Efficiency of Electric Motors
The efficiency of a motor essentially boils down to the output and input power. Most electric motors are built to run at 50% to 100% rated load. Efficiency is the highest around 75%, and it tends to decrease around 50% load. Motor efficiency will vary based on the type of motor, though.
The graph highlights how many more opportunities have opened up for electric motors within the automotive industry in 2017 versus 2012. The data is from a 2015 study. (Courtesy of Global Industry Analysts Inc.)
When a motor becomes overloaded, it tends to overheat and, as a result, the overall efficiency takes a tremendous hit. Numerous motors are developed with a service factor that enables occasional overloading. The service factor is a multiplier that reveals how much a motor can overload under ambient conditions. Overall, energy-efficient motors consume less electricity, run under cooler conditions, and last longer.
In an electric motor, the efficiency is the ratio of the mechanical power delivered by the motor to the electrical power to the motor. To maintain a good efficiency ratio, such motors feature an enhanced design and utilize advanced quality materials to reduce motor losses.
Electric motors manufactured before 1975 were designed to meet the minimum performance levels. However, in 1977, the National Electrical Manufacturers Association (NEMA) suggested a process to tag the standard three-phase motors with an average nominal efficiency. Energy-efficient motors are marketed with the design standard NEMA-B speed-torque features. The efficiency of the motor depends on the construction materials and the mechanical design.
The operating and manufacturing costs of electric motors play an important role when it comes to the overall utility of the product. Operating hours, efficiency improvement values, and the load of a motor determine the operating costs.
Modern Applications and Innovation
Electric cars on the market has increased greatly since 2011 as more models like Tesla, Chevy Volt, and BMW i3 enter the market. (Courtesy of Plugless.com)

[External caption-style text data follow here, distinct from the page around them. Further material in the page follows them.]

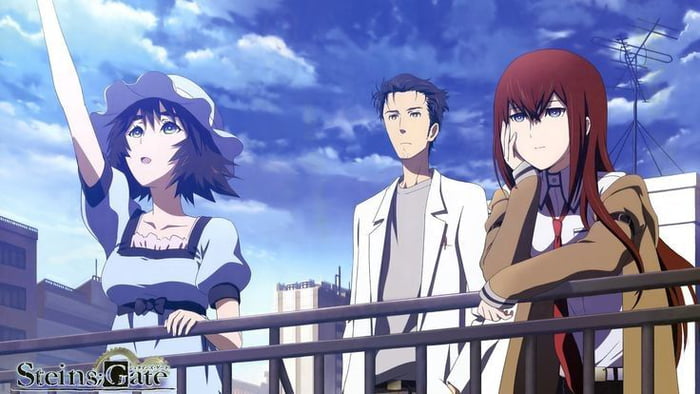 Guys I Need Help I Would Want To Know The Best Way To Watch Steins Gate For Someone Who S Watching It For The First Time Some People Say The Best Way To Watch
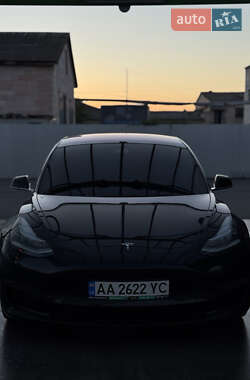 Tesla Model 3 2018
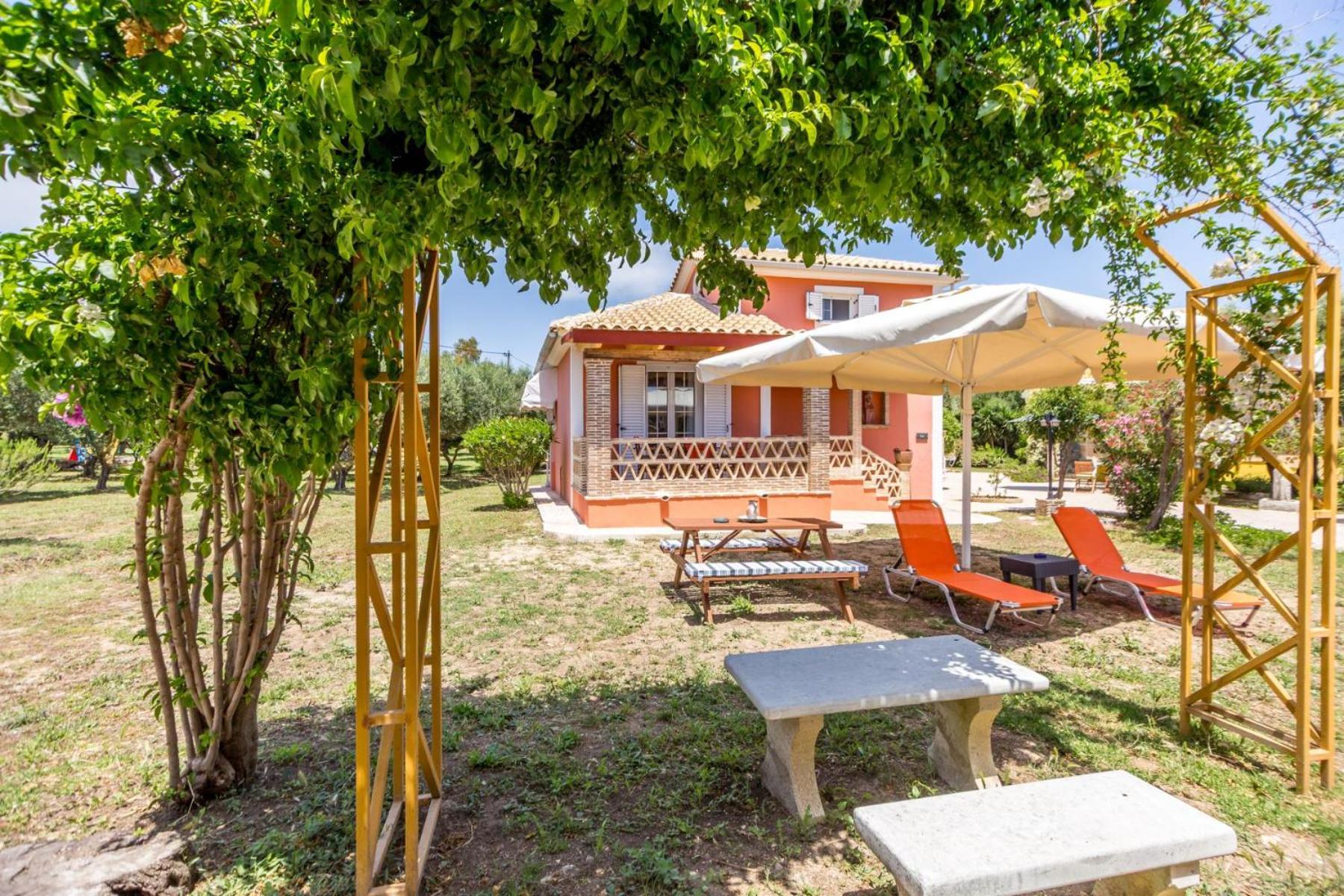 Villa Porto Gerakas *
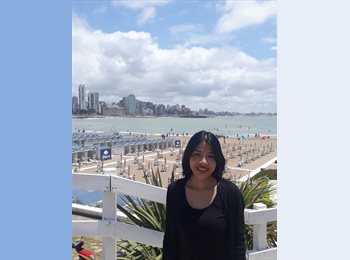 Roomgo AR - Maite - 26 - Buenos Aires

The arrival of robots and robotics in the last decade has significantly improved various aspects of different industries, particularly the manufacturing sector. Electric motors are playing an increasingly important role in this industry.
It is essential to have a smart motor in robots that can efficiently deliver different levels of power whenever required. Electric motors can also offer mobile robots a longer battery life compared to conventional hydraulic systems.
Over the last decade, an increase in customized applications has led to greater demand for customized electric motors. For example, Sangbae Kim recently designed a robotic cheetah that has recently gained a bit of notoriety. The motor used in the cheetah is energy-efficient and powerful at the same time.
Electric motors also enhance control and responsiveness. Kirtley mentions they can build a motor at MIT that produces torque in short spikes, even though they cannot produce the force for a prolonged period.
Conclusion
Application opportunities for electric motors have ramped up in the last 20 years across many industrial sectors. In turn, it has pushed market leaders to focus on manufacturing electric motors that are more energy-efficient and cleaner than other conventional motors.
Government initiatives have also offered a solid platform for industry players to develop electric motors without harming the environment. One example is an initiative taken by the Japanese government in 2010 to curb the harmful effects of electric motors in vehicles. Its objective was to boost the sales of vehicles that safeguard the environment and comply with the environmental safety regulations. Adoption rates of these motors are high in India, China, Brazil, the U.S., and Argentina in both the industrial and agricultural sectors.